Each line below must be reproduced exactly, though the pictures are to be dropped.

Stored data ▸
■ ■ ■ ■
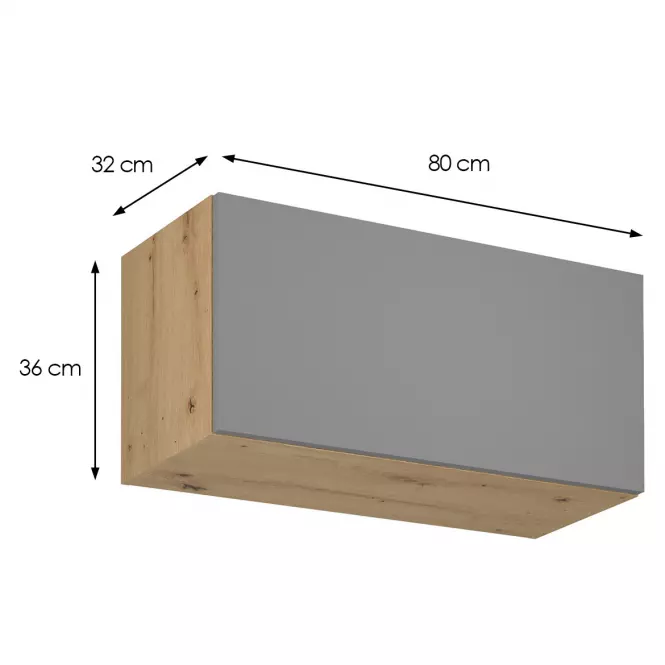 Konyhaszekrény Langen G80K beige,2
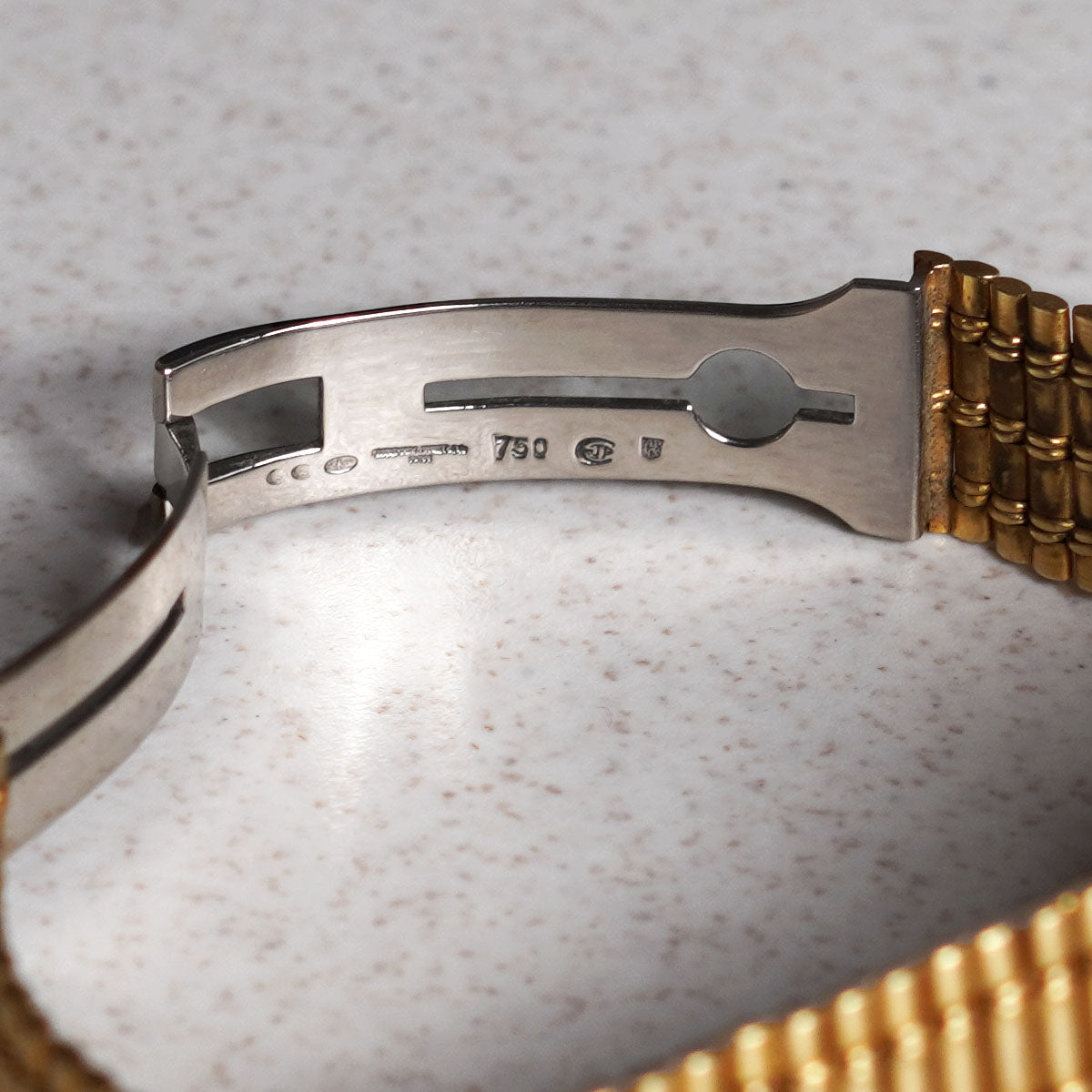 Audemars Piguet Bamboo, Diamond-set with Horizontal Bars Dial, Yellow Gold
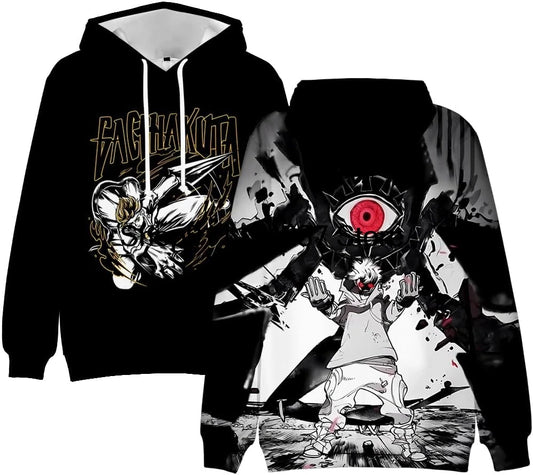 Gachiakuta Anime Rudo Black and White Hoodie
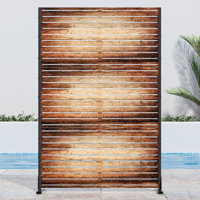 72" x 47" Outdoor Metal Privacy Screen Fence Panel by Dovelina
■ ■ ■ ■
Exercise response ▸
 Konyhaszekrény Langen G80K beige,2
 Audemars Piguet Bamboo, Diamond-set with Horizontal Bars Dial, Yellow Gold
 Gachiakuta Anime Rudo Black and White Hoodie
 72" x 47" Outdoor Metal Privacy Screen Fence Panel by Dovelina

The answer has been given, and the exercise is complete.